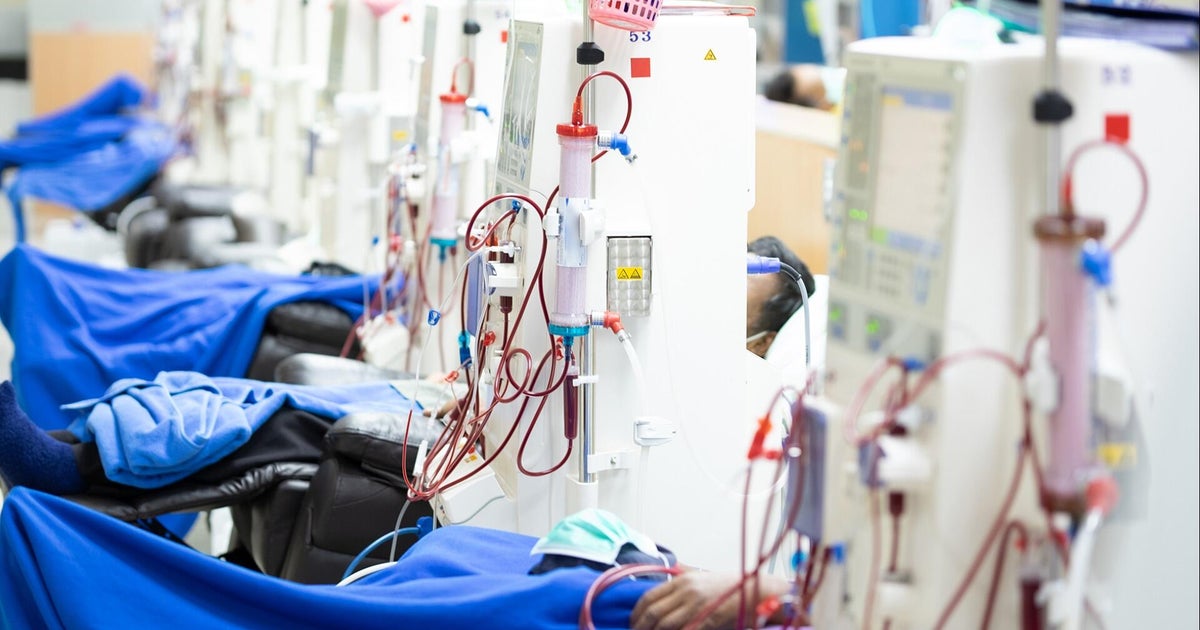 Does the kidney dialysis industry cut corners when it comes to meeting federal standards?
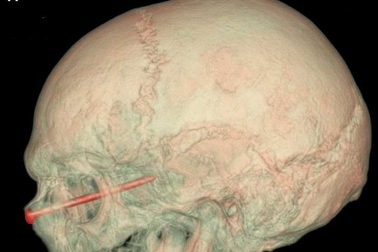 Bị đinh vít xuyên vào mắt vẫn bình an vô sự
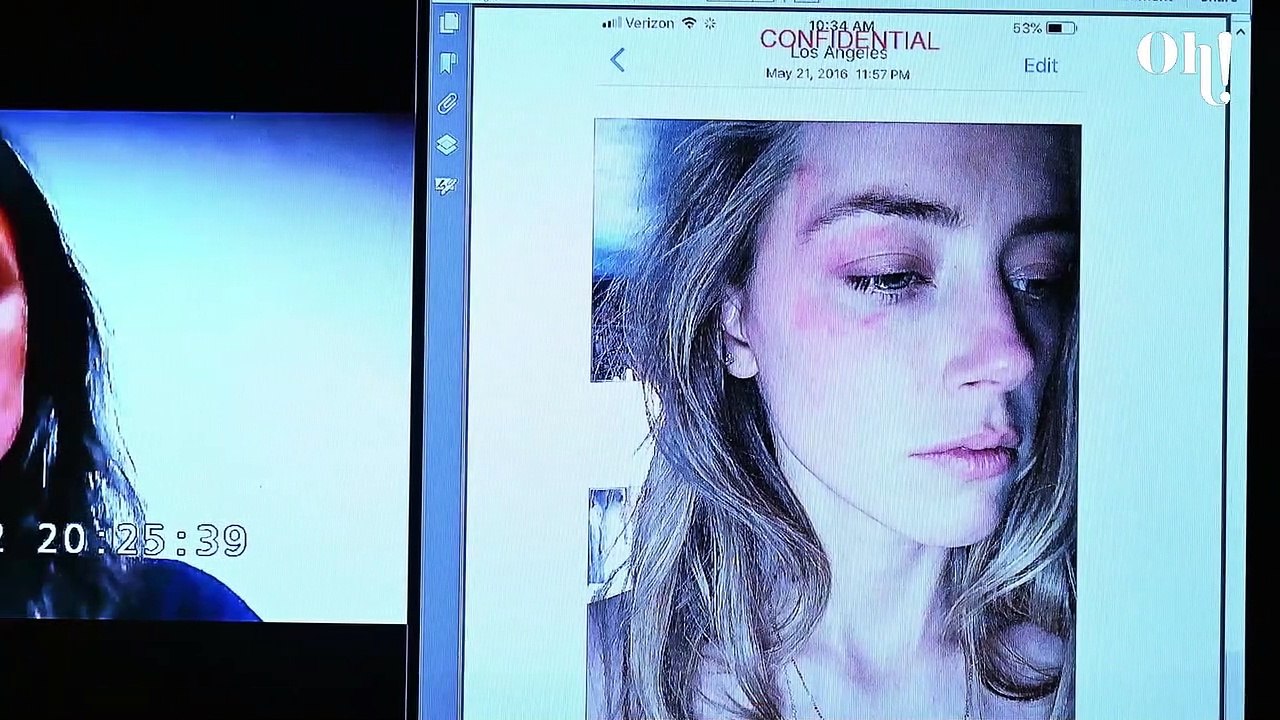 Krankenschwester sagt im Prozess aus: Amber Heard 'labil' und 'eifersüchtig'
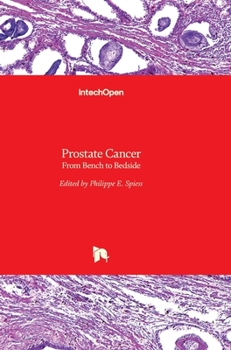 Hardcover Prostate Cancer: From Bench to Bedside Book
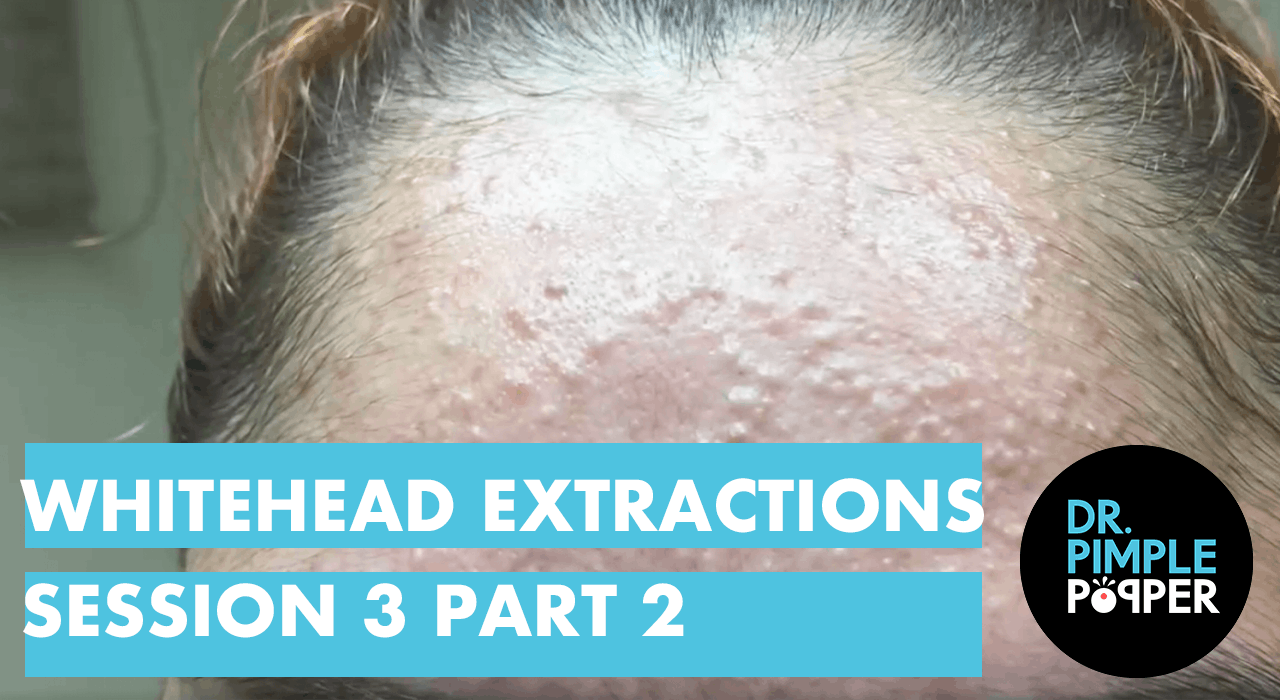 Whitehead Extractions TNTC Part 2 Dr. Pimple Popper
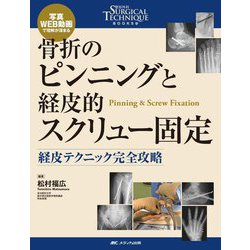 骨折のピンニングと経皮的スクリュー固定―経皮テクニック完全攻略(整形外科SURGICAL TECHNIQUE BOOKS〈13〉) [単行本]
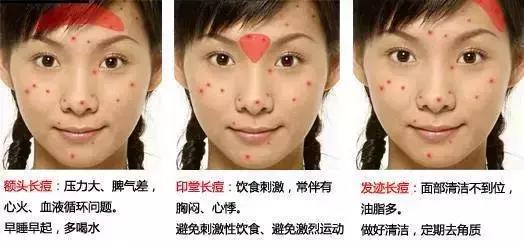 长痘尽量不吃什么,长痘尽量不要吃海鲜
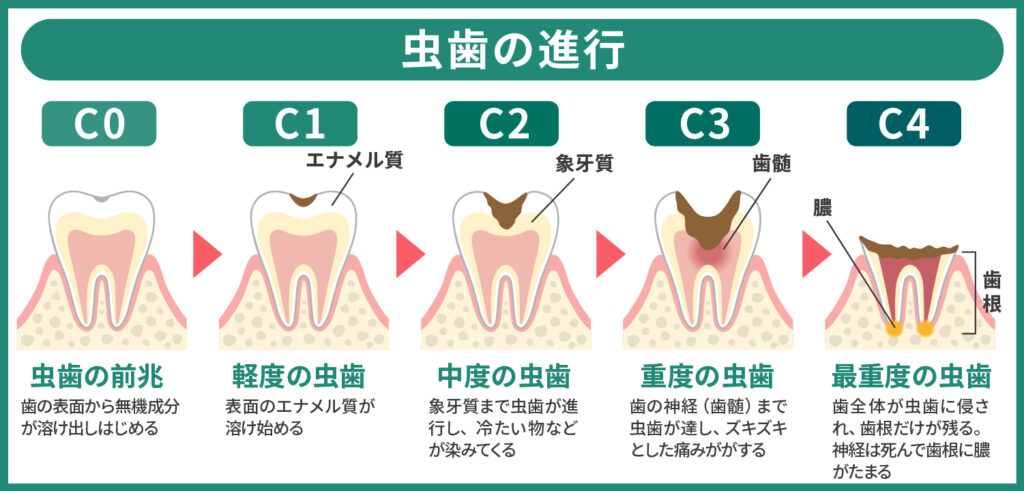 虫歯の進行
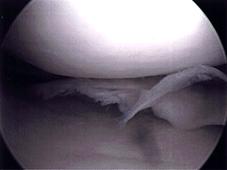 BEFORE photo of meniscus tear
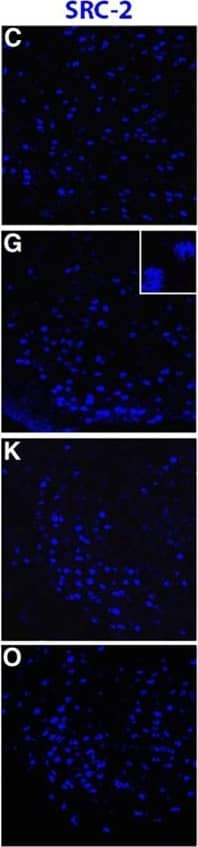 Immunocytochemistry/ Immunofluorescence: NCOA2 Antibody [NB100-1756] - The majority of estradiol-induced PR-A or PR-B cells in the VMN of female mice coexpress SRC-1 & SRC-2. A–P, Representative images taken from vehicle control wt mice (A–D) & estradiol-treated wt mice (E–H), PRBKO mice (that express PR-A only; I–L), & PRAKO mice (that express PR-B only; M–P). Insets show the magnified image of an area within the small square box. Magnification: images, 400×; insets, 630×. Scale bar, 50 μm. Image collected & cropped by CiteAb from the following publication (//pubmed.ncbi.nlm.nih.gov/26465008), licensed under a CC-BY license. Not internally tested by Novus Biologicals.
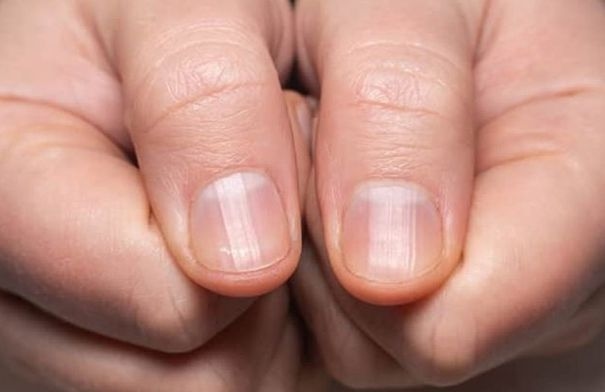5 أعراض تحذيرية للنوبة القلبية قد تظهر على أظافرك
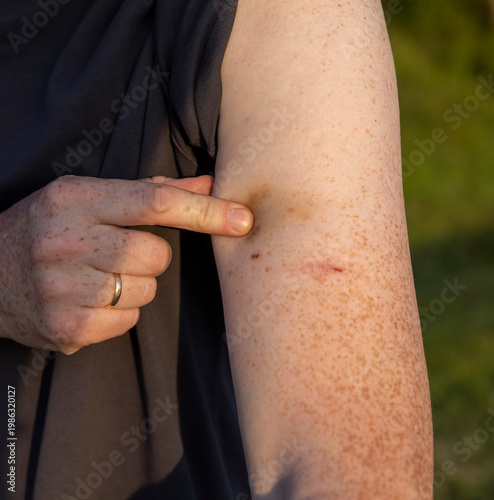 hand of a person with a large bruise , the details of the hand and the bruise on the arm where the bruise has a different color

══════════

**Problem**
Copy out, without any pictures, the lines of the records above from the one containing "5 أعراض تحذيرية" through the final line, both ends included.

**Reply to the task**
5 أعراض تحذيرية للنوبة القلبية قد تظهر على أظافرك
 hand of a person with a large bruise , the details of the hand and the bruise on the arm where the bruise has a different color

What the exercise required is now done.